The Objective of Due Diligence: To Protect Your Culture
There has been so much attention paid to due diligence. We have reams and reams of articles highlighting the importance of due diligence. In addition, numerous vendors of due diligence services and technologies fill the marketplace with whitepapers, articles and information underscoring the importance of due diligence and advising on how to conduct effective due diligence.
There is nothing wrong with the attention paid to this important issue. Frankly, over the last ten years, we have seen an explosion in due diligence issues. Given the Justice Department and the SEC’s focus on third-party risks in the FCPA context, such attention is justified. Years ago, companies conducted minimal, if any, due diligence of third parties, and procurement functions related to vendors and suppliers were focused on financial capabilities and quality issues.
The growth in due diligence systems has been marked over the last ten years. More companies are implementing robust due diligence systems for third parties, vendors and suppliers, and many are purchasing automated due diligence systems.
There is no question that the motivation for improving due diligence systems has been a direct response to the government’s aggressive enforcement program. As everyone knows, a high percentage of FCPA enforcement actions involved third parties who engaged in or facilitated bribery schemes.

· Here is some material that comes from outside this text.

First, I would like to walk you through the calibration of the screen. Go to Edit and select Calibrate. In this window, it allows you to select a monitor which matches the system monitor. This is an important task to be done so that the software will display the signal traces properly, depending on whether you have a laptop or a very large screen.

A robust due diligence program identifies potential risks in engaging a specific third-party. Based on due diligence, a company may decline to engage the third-party or design and implement a number of risk mitigation strategies. In the end, the company’s due diligence system is focused on legal risks from engaging the third-party. A risky third-party in this context may be likely to engage in bribery to further the company’s business operations.

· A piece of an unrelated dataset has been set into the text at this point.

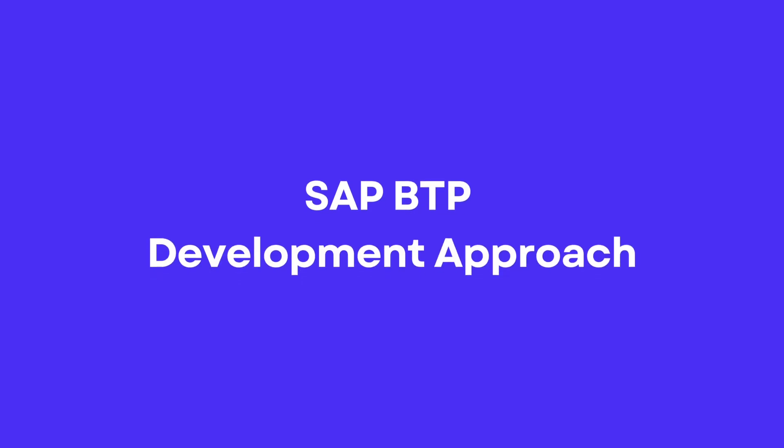In this video, we will explore the development approach of SAP Business Technology Platform. SAP strongly recommends this approach to developers whether they are creating new applications or extending existing ones.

In the event that the company faces an FCPA investigation, the company will often rely on robust due diligence and mitigation strategies to counter any claim that it “knowingly” engaged the third-party with the intent to promote a bribery scheme. Company lawyers will cite the due diligence, monitoring and auditing activities to show that its actions were contrary to an inference of a “knowing” violation.
While this scenario is an important reason for implementing a robust due diligence program, there is more to this issue. Legal risks are one type of serious risk. Another category of risks relates to reputational risks. A company does not want to “do business with” or “associate” with another person, entity or company that itself has a poor reputation or engages in other types of misconduct.
A company creates significant risks when it retains another company that relies on child labor, engages in slavery, violates environmental laws, or engages in illegal anti-competitive. In other words, a company has to avoid engaging other companies that raise reputational risks.
A company’s reputation for ethical business practices can suffer real and substantial harm when it engages with companies that flagrantly skirt the law or social norms. Such business operations threaten a company’s significant asset – its intangible goodwill.
A company’s reputation should be promoted as an important aspect of a company’s culture. Employees want to believe in the mission of the company, and adherence to ethical business practices is essential to protecting the company’s integrity.
An important means to protect the company’s reputation is to ensure that the entities with which the company interacts has a comparable commitment to ethics and integrity. This is where due diligence comes in and provides an important check on company operations. Due diligence has a broader purpose that just managing legal risks – companies conduct due diligence to protect and promote their culture.